Janna: What criteria must
a submission meet in order to make in it into an issue?
Jared: Each and every submission
must challenge the way we perceive the world. Not necessarily to tell us something new, but to tell us something we didn't
know we knew.
Janna: In what direction to
do you plan to take your publication? Are there any changes you plan on making?
Jared: The magazine has been
exceptionally poetry heavy. We are going to be expanding with work in other areas soon: more photography, a discussion with
a scholar on the sublime, etc. We're always open and our direction is often decided by the nature of our submissions.
Janna: What makes your publication
unique and stand out of the crowd?
Jared: The Jivin' Ladybug does not stand out of the crowd: that is less a judgment about our magazine than a comment
on the flood of information in our world today.
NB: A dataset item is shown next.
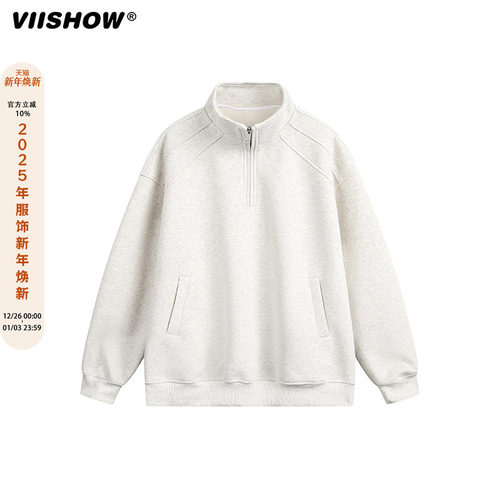VIISHOW日系纯色半拉链套头卫衣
Our senses are overloaded on a daily basis, so much so that even Waldo doesn't
stick out. However, we do stick out in that we never forget our grassroots base. We've never pretended to operate like a faceless
Janna: What are your opinion
(s) in regards to the online magazine community? Do you think that it is a good environment for writers and poets to share
their works amongst each other and the general public? Ideally, what would be a good environment for the online writing community
in your opinion?
Jared: Hopefully online magazines
will take over like the plague. Published arts magazines are fossilized parodies of the wonderfully exciting journals of previous
eras (for example, Ed Sanders's Fuck You: A Magazine of the Arts which was mimeographed
and hand stapled). The internet is a great place to SHARE works and increase their exposure. Like I mentioned before, Kenneth
Goldsmith's site is especially phenomenal in this regard. While most people write poetry like they would a blog (which reinforces
Andrei Codrescu's conviction that there are more poets than poetry readers), there is a slight chance that the internet will
give rise to an artistic collective—one with the deadly humor of Dada, the pulsating joy of the Futurists, and the encrypted
satire of the Language Poets—that will relentlessly interrogate the ideologies we take shelter under.